The explanation for moving init_hw() was that it setups clock_gating. If
any in that path are required for enabling the rings, those should be move to
init_render_ring() or the init_context.
-Chris
Daniel Vetter May 4, 2015, 2:55 p.m. UTC | #10
On Wed, Apr 29, 2015 at 12:39:17PM +0100, Chris Wilson wrote:
> 
> On Wed, Apr 29, 2015 at 02:07:19PM +0300, David Weinehall wrote:
> > On Tue, Apr 28, 2015 at 03:46:46PM +0100, Chris Wilson wrote:
> > > On Tue, Apr 28, 2015 at 02:38:25PM +0000, Antoine, Peter wrote:
> > > > So is the plan to push these patches and have follow-on work to cover the other paths?
> > > > As this fixes the Bugzilla issue that has been raised.
> > > 
> > > You've identified an issue, but I think your patch is incomplete.
> > 
> > I've tried my best to go through the remaining similar-looking code,
> > but the rest seems fine (I might've missed something though).
> > 
> > The only thing I reacted on was that in intel_runtime_resume() the call
> > to intel_init_pch_refclk() is conditional on IS_GEN6(), but none of the
> > other invocations of intel_init_pch_refclk() are.  The commit message
> > doesn't seem to provide a sufficient explanation for why this is so.
> 
> The explanation for moving init_hw() was that it setups clock_gating. If
> any in that path are required for enabling the rings, those should be move to
> init_render_ring() or the init_context.

Yeah we've had this fun before. init_clock_gating is _not_ for GT
workarounds, only for modeset workarounds. We might need to rename that
hook to avoid getting bitten for eternity, but moving init_hw because of
clock_gating to get the rings up and running is bogus.

As Chris said we need to identify which bits need to get moved to the ring
init or w/a bb code and do that (and in a separate patch from enabling the
interrupts early enough like this one here does).
-Daniel
Peter Antoine May 5, 2015, 7:05 a.m. UTC | #11
On Mon, 2015-05-04 at 16:55 +0200, Daniel Vetter wrote:
> On Wed, Apr 29, 2015 at 12:39:17PM +0100, Chris Wilson wrote:

> > 

> > On Wed, Apr 29, 2015 at 02:07:19PM +0300, David Weinehall wrote:

> > > On Tue, Apr 28, 2015 at 03:46:46PM +0100, Chris Wilson wrote:

> > > > On Tue, Apr 28, 2015 at 02:38:25PM +0000, Antoine, Peter wrote:

> > > > > So is the plan to push these patches and have follow-on work to cover the other paths?

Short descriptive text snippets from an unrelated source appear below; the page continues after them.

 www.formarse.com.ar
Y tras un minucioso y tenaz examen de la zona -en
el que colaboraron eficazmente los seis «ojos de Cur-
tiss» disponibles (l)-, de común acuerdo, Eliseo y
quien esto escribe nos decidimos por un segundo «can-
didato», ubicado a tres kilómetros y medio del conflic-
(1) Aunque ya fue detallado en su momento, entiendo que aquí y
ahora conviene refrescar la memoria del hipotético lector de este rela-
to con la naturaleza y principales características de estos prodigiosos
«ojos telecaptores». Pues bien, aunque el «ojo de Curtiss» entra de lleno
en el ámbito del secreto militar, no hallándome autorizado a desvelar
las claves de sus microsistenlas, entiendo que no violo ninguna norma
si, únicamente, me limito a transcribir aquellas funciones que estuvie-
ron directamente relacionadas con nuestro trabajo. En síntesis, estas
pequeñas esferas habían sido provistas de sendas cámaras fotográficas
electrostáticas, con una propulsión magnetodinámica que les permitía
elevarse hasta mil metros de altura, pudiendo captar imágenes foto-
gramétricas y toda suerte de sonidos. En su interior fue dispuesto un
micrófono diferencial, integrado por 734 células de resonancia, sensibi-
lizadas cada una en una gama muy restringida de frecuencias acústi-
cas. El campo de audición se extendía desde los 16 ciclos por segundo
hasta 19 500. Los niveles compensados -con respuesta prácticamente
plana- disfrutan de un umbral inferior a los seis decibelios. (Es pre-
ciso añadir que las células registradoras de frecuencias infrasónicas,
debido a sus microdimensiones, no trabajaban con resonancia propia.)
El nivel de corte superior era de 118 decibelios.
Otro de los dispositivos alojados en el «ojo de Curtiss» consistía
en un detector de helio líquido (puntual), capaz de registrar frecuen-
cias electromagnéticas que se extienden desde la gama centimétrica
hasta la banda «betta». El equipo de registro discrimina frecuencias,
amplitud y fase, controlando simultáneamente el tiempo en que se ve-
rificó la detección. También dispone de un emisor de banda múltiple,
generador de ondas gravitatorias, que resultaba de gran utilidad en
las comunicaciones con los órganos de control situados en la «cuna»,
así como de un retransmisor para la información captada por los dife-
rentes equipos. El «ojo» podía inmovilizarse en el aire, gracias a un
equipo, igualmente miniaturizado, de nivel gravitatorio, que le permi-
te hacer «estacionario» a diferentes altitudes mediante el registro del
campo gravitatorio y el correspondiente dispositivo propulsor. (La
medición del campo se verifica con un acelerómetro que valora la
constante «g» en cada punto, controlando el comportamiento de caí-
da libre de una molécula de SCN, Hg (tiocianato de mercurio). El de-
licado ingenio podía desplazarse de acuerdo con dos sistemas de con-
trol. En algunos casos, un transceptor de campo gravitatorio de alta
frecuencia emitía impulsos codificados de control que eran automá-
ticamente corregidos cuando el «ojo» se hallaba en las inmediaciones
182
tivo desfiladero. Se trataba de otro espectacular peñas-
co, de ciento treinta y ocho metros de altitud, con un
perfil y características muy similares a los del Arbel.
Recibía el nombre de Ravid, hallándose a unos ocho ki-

> > > > > As this fixes the Bugzilla issue that has been raised.

> > > > 

> > > > You've identified an issue, but I think your patch is incomplete.

> > > 

> > > I've tried my best to go through the remaining similar-looking code,

> > > but the rest seems fine (I might've missed something though).

> > > 

> > > The only thing I reacted on was that in intel_runtime_resume() the call

> > > to intel_init_pch_refclk() is conditional on IS_GEN6(), but none of the

> > > other invocations of intel_init_pch_refclk() are.  The commit message

> > > doesn't seem to provide a sufficient explanation for why this is so.

> > 

> > The explanation for moving init_hw() was that it setups clock_gating. If

> > any in that path are required for enabling the rings, those should be move to

> > init_render_ring() or the init_context.

> 

> Yeah we've had this fun before. init_clock_gating is _not_ for GT

> workarounds, only for modeset workarounds. We might need to rename that

> hook to avoid getting bitten for eternity, but moving init_hw because of

> clock_gating to get the rings up and running is bogus.

> 

> As Chris said we need to identify which bits need to get moved to the ring

> init or w/a bb code and do that (and in a separate patch from enabling the

> interrupts early enough like this one here does).

> -Daniel


Ok. More work is required.

But, we have two issues here. The open and accessible (to any user)
ioctl that causes the driver (and in testing the kernel) to misbehave
and cause the system to become unresponsive need or to reboot.This is
covered by a simple de-reference check that protects the driver and the
system.

Secondly, a nice to have, which is the hw-lock/context code that seems
to have more issues with it and should be turned off when it is not
required. This code has subtle connections that will need more work. The
un-niceness of this code has been known about for a while and it would
be good to turn off.

The first I would suggest is kind of important as is simply exploitable
security hole, the second is just probably full of security holes.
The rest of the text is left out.